In America le cose vanno meglio che in Europa, la ripresa economica, pur modesta è decisamente più sostenuta che nel Vecchio Continente. Il fiscal cliff è stato trasformato da burrone in gradino e il Presidente Obama si è sicuramente dimostrato più intelligente e flessibile di Frau Merkel. Eppure anche lì la crisi non è finita. Robert Reich, ministro del lavoro ai tempi di Clinton ed uno dei più vigorosi critici della destra liberista, ci spiega che l'economia americana è ancora in grande difficoltà. La disoccupazione scende, ma in realtà la percentuale di popolazione attiva impiegata è ai minimi storici, o quasi. Il mercato azionario va forte, ma questo avvantaggia solo i soliti noti. Si è ricominciato a costruire case, ma nuovamente andranno nelle disponibilità dei più ricchi che potranno così affittare. Insomma, Reich analizza in profondità i numeri e ce li spiega con grande chiarezza: perchè la crescita economica conta poco se non serve a migliorare le condizioni di vita della maggioranza della popolazione.
The Big Stall
di Robert Reich
da robertreich.org
Bad news on the economy. It added only 88,000 jobs in March – the slowest pace of job growth in nine months.

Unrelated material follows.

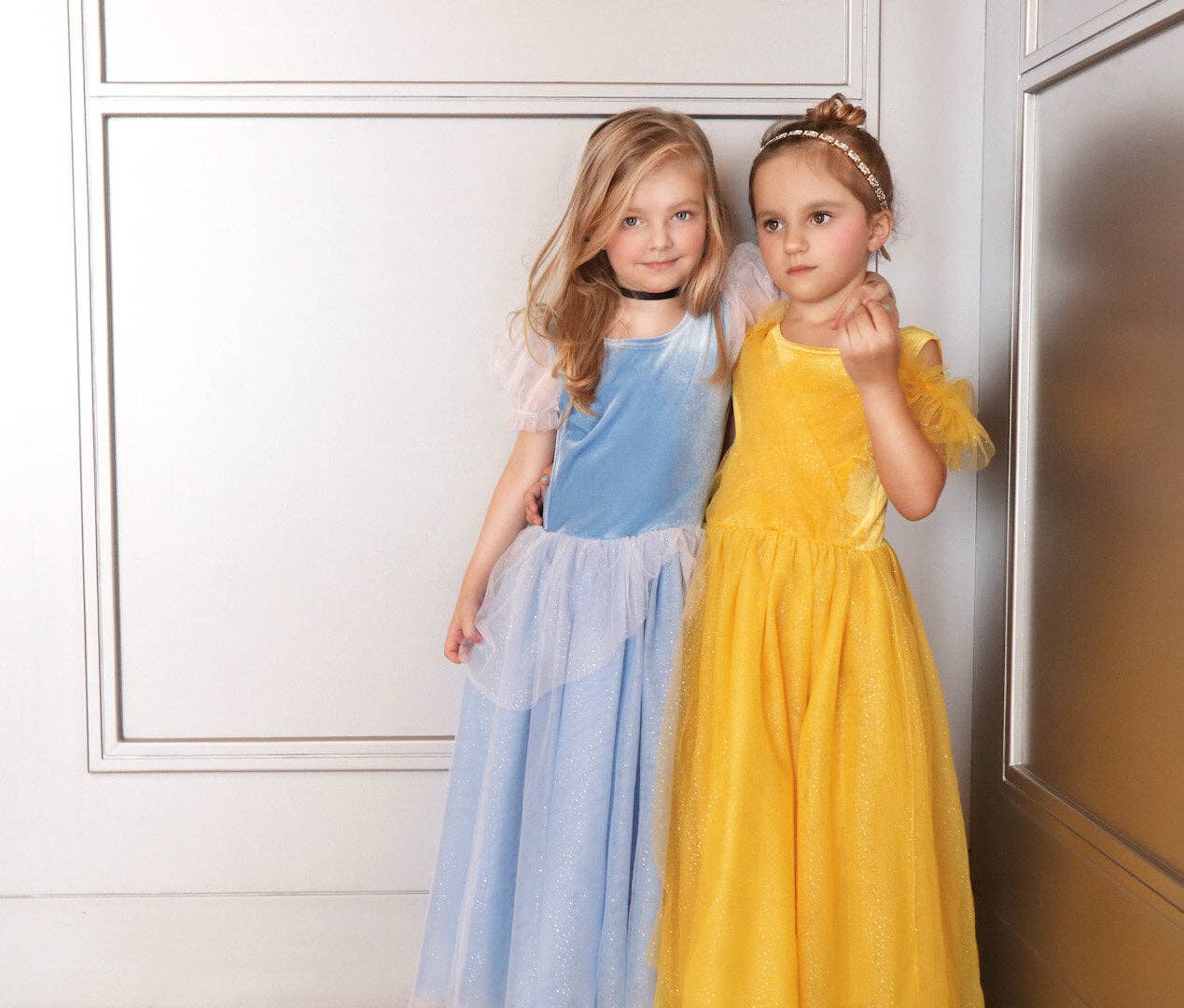 Princess Cinderella Costume Dress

While the jobless rate fell to 7.6 percent, much of
the drop was due to the labor force shrinking by almost a half million
people. If you’re not looking for work, you’re not counted as
unemployed.
That means the percentage of working-age Americans
either with a job or looking for one dropped to 63.3 percent — its
lowest level since 1979.
The direction isn’t encouraging. The pace of job growth this year is slower than its pace last year.
What’s going on? The simple fact is companies won’t
hire if consumers aren’t buying enough to justify the new hires. And
consumers don’t have enough money, or credit, or confidence to buy
enough.
It’s likely Americans are beginning to feel the
pinches of January’s hike in the payroll tax combined with the
government budget cuts known as the sequester. Increases in gas prices
haven’t helped. All are taking money out of the pockets of most people –
whose job situation remains precarious. So they can’t and won’t buy
much.
One indicator: Retailers cut their staffs in March — by 24,100.

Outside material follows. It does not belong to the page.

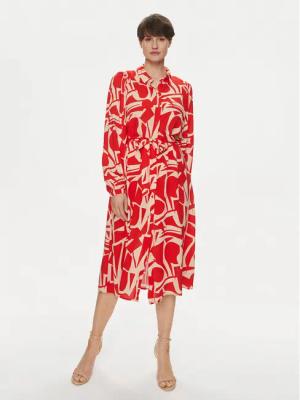 ONLY Hemdkleid Halia 15315986 Rot Regular Fit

Yes, the stock market has rebounded. But only a
small portion of Americans are affected by the rebound. The richest 1
percent own 35 percent of all shares of stock; the richest 10 percent
own 90 percent.
And, yes, housing prices have stopped falling, and
construction of new homes has picked up. The construction sector added
18,000 jobs in March.
But the turnaround in housing isn’t because
prospective homeowners have been able to get new mortgages. It’s because
investors are buying or building homes to rent. And a buoyant rental
market doesn’t make most people feel wealthier.
Perhaps the most disturbing aspect of all this is
that we’re in the fifth year of a supposed economic recovery from the
second-worst economic downturn of the past century, and we’re still not
nearly back on track. Instead, we’ve had the most anemic recovery in
history.
A Gallup survey released Thursday showed that the
percentage of Americans holding full-time jobs has remained essentially
unchanged over the past year. With 12 million people out of work and
another 8 million holding part-time jobs who’d rather have full-time
ones, this just isn’t nearly good enough.
We’re experiencing the burden of austerity
economics and the continued scourge of widening inequality. Both are
squeezing average Americans. Yet it’s impossible to have a buoyant and
sustained recovery without a large and growing middle class.